No era la primera vez que se preocupaba por él. Pudo acordarse de cómo comenzó todo. Su padre, Ometeotl, le había pedido aquella alma que perteneció al sacrificio para deshacerse de ella. En ese tiempo, Mictlantecuhtli estaba interesado en lo que le estaba ocurriendo a su hermano Tonatiuh.

¿Por qué razón un dios iba a desear con tanto fervor el alma de un simple mortal? ¿Qué era lo que su hermano quería comprobar?

Acaso, ¿iba a devorar el alma del mortal? Se estremeció ante tal idea. Ningún dios hacía eso y el simple hecho de imaginarlo le revolvía las entrañas.

Siguiendo las instrucciones de su padre, pasó dos días siguiendo el alma que estaba en el camino que iba directo al Mictlán. No la iba a tomar hasta comprender lo que era diferente. El alma no parecía distinta. En ese momento estaba cruzando el tercer nivel. Estaba en Iztepetl, el sitio en el que estaba el cerro de obsidiana. Miró con sus ojos brillantes blancos, cómo el alma del mortal se movía entre las demás. Algunos caminaban en la misma dirección y otros más parecían perdidos andando por todas partes entre los picos de obsidiana que se elevaban en alturas irregulares. El sitio era inhóspito para un mortal, pero las almas podían cruzarlo sin mayores problemas si las cosas arriba estaban bien. Solamente aquellos atormentados sufrían cortaduras en todas las partes de su alma mientras se movían intentando encontrar el camino correcto.
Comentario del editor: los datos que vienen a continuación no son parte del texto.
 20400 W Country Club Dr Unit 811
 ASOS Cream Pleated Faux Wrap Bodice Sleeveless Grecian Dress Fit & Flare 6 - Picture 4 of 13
Tal y como había ocurrido en los días pasados. Tonatiuh intentó invocar a su hermano para pedirle el alma. Mictlantecuhtli se cubrió los oídos y sacudió la cabeza sin perder la concentración en el alma. Le era increíble que su hermano siguiera insistiendo pese a saber las reglas. Una idea le atravesó la cabeza. Le cortó profundo como si de un pedernal de tratase. Amaba a su hermano y saber que tenía una dolencia le hacía sufrir igual. Hablar con Ometeotl que ya había emitido su decisión no era una opción. El dios de la Muerte avanzó entre las puntas de obsidiana que no le hicieron daño y se acercó hasta el alma que no había detenido su viaje.

—Mortal, te ordenó que detengas tu camino —soltó y el alma se detuvo de inmediato.

Mictlantecuhtli se rascó la barbilla. En ese momento escuchó los llamados desde arriba. Alargó la mano y la posó sobre la cabeza del alma para comprimirla. Una vez que lo consiguió, tomó una pequeña perla de ámbar y alzó la mirada. Estaba decidido a terminar con todo el asunto del alma de mortal y su hermano que, por alguna razón, seguía sediento y al borde de la yollotlaulilocayotl. Si algo le ocurría a su hermano, no iba a perdonárselo. Además, no podía morir el quinto sol. Todos los dioses habían acordado que sería el último y tenía que proteger el hermoso equilibrio que habían conseguido.

Nantsin, momakilia semikan. A ti, suplico por ayuda —susurró alargando la mano.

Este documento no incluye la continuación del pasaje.